So, as you can read in the previous posts I have a hard drive that has crashed. But not completely. After running "chkdsk /f" on the thing I am left with 9999 files that have been restored, very conveniently called FILExxxx.CHK. How wonderful. I'm rather annoyed that only 9999 files were restored, and not more. At this point I am suspecting that only the file table broke, and the files themselves should be intact. Now I can access my files again, but I have no idea which file is which, and I sure as hell am not going to click every individual file to find out what it is. Being the software engineer that I am, I wrote a script.
I should mention here that I was rather fortunate/foresighted to have made a regular directory index of all my files, and my latest listing was from two days before the crash. That's very lucky. I have in my possession a huge text file containing the exact output of a "dir /a/s>out.txt" call. What to do with that? Well, for once my laziness paid off. Had I bothered to add the '/b' option, output would only contain the filenames, but omitting this causes the file sizes to be output as well.
So we have a listing of a file containing its name and its file size, and a mystery file xxxx.CHK containing 'something', which also has a file size. So... I think you can see where I'm going with this. I doubt that there's many people in a similar situation as me though, as usually hard drives crash a bit harder than this, and usually people don't run the kind of script that I was running to index my disk. I did not envision this use case either though..

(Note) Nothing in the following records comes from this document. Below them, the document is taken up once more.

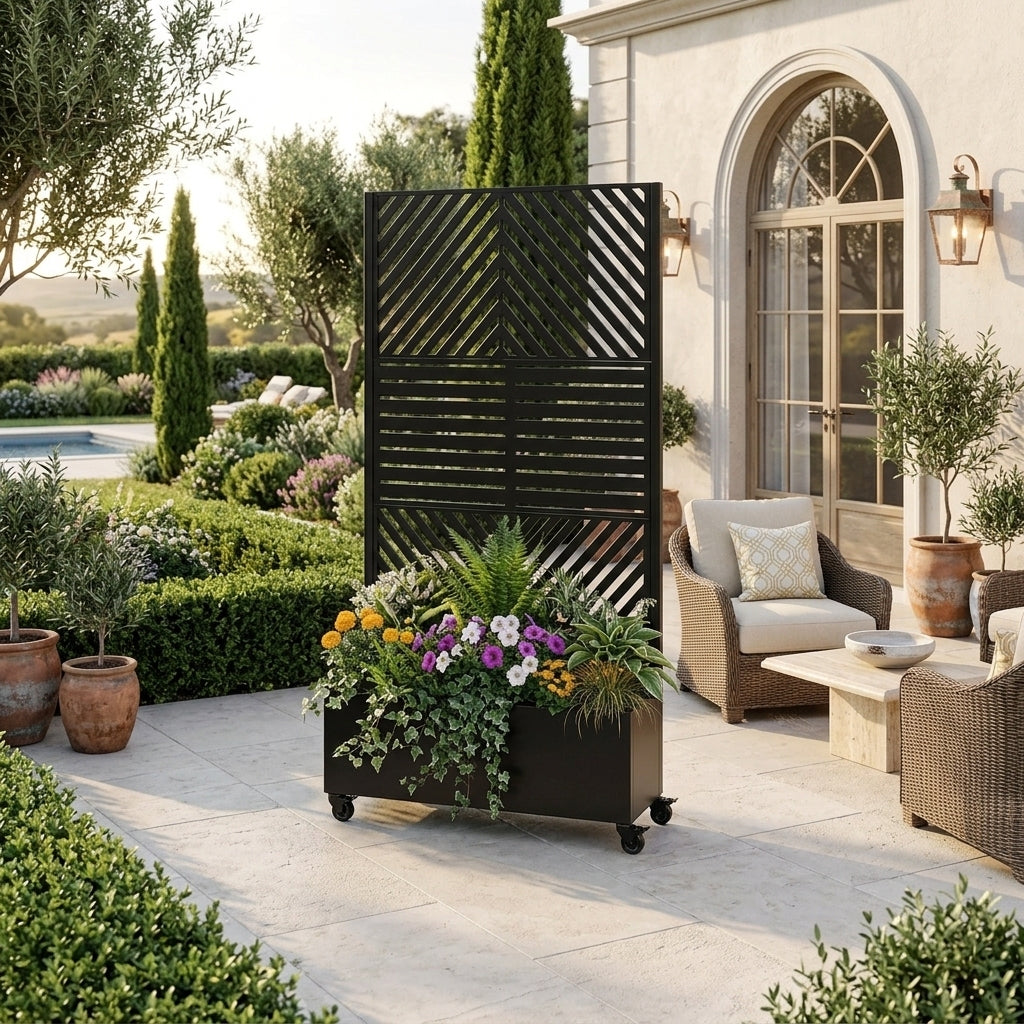 Metal Planter Box with Trellis - 73"x35"x16" Raised Garden Bed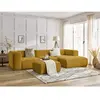 Canapé d'angle fixe ZEPHYR avec pouf jaune  angle droit BOBOCHIC 5 places
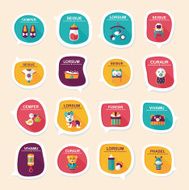 baby bubble speech banner design flat background set eps10 N108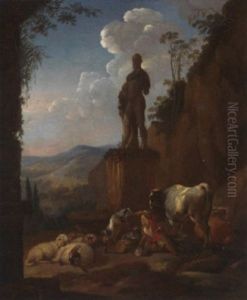 A Young Shepherd And His Flock Resting Beneath A Statue A Young Shepherd And His Flock Resting Beneath A Statue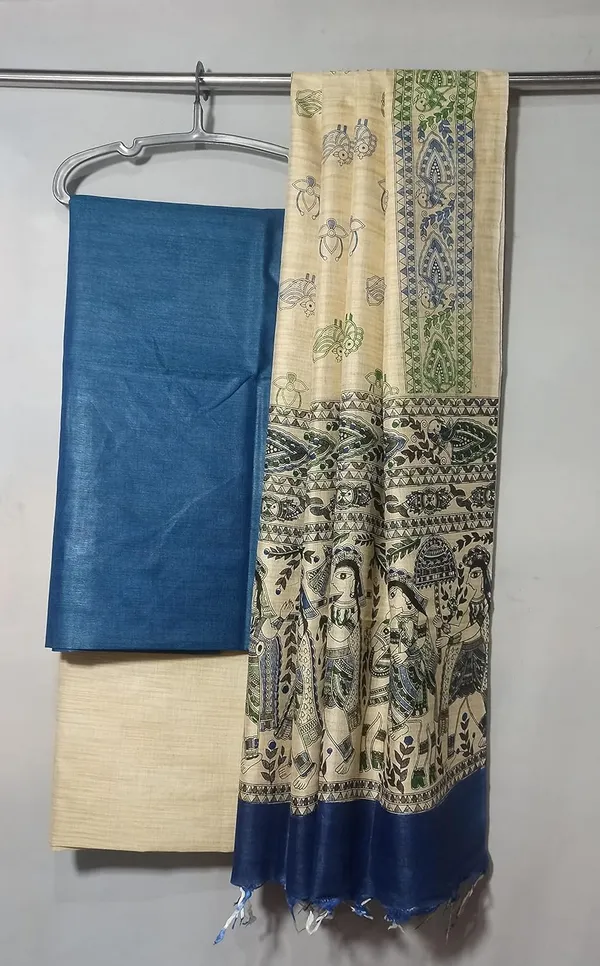 Blue_Cotton_Silk_Handcrafted_Unstitched_Salwar_Suit_Dress_Material_With_Printed_Dupatta_For_Women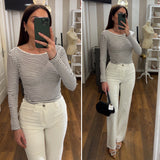 extra long wide leg - BIANCO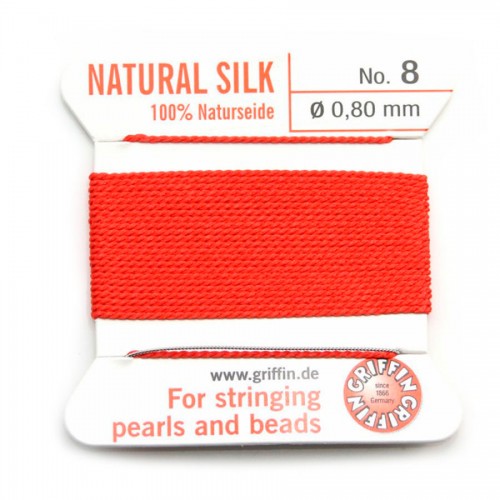 Silk bead cord 0.8mm coral x 2m
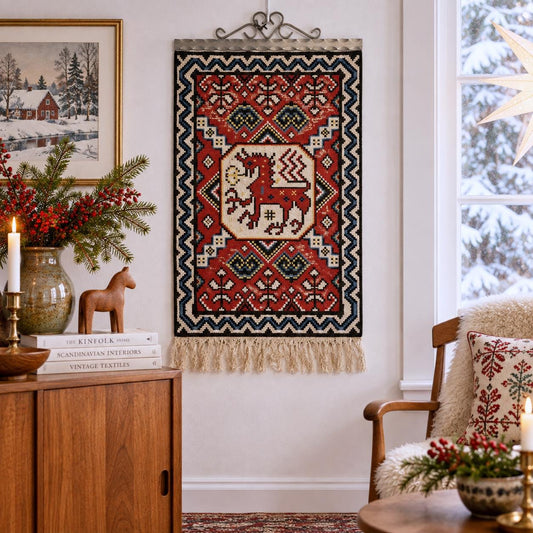 Red Winged Horse Needlepoint Wall Hanging – Swedish Folk Art Textile – Vintage Scandinavian Tvistsöm Tapestry with Metal Hanger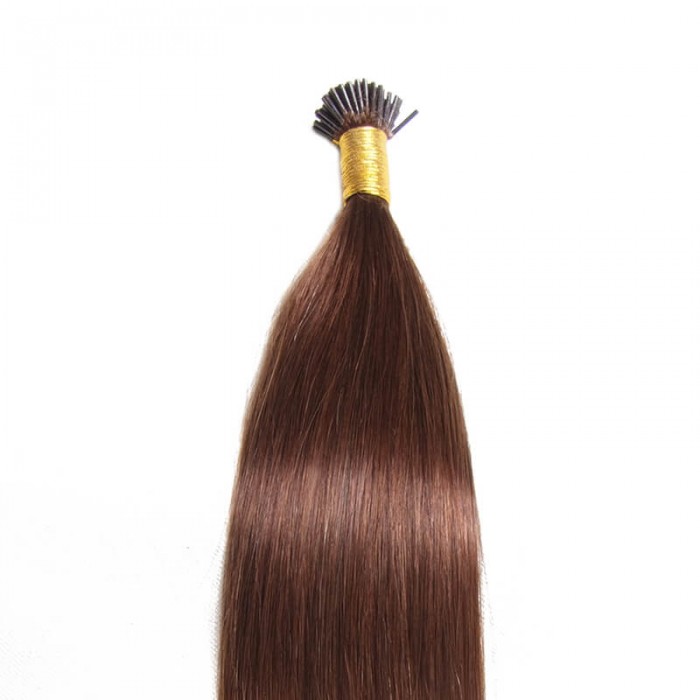 Kriyya 100% Remy I-Tip Hair Extensions-Chocolate Brown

Linking the two pieces of information together turns out to be harder than I thought, though. The file size of the mystery files seems to be off by a tiny amount, which I guess is a result of chkdsk not being able to guess the file boundary exactly. As a result, exact file size matching results in zero matches, so a bit of fuzziness must be added. I haven't had time to do this yet, but at first glance it seems that all mystery files are a tiny bit larger (at most 32kb) than the ones in the directory listing, so I'm thinking I'll just grab the closest match that is larger than the original. This will probably mix up at least some of the files on the disk, though, but that should be easily solved. Once I know which two files are swapped it's easy to get back the data that I want. This works for most of my personal files and some hard-to-get stuff, but most of the files I can download again without too much trouble.
When/If I finish the perl script (yes, yuck) I'll post it online somewhere. When it's done.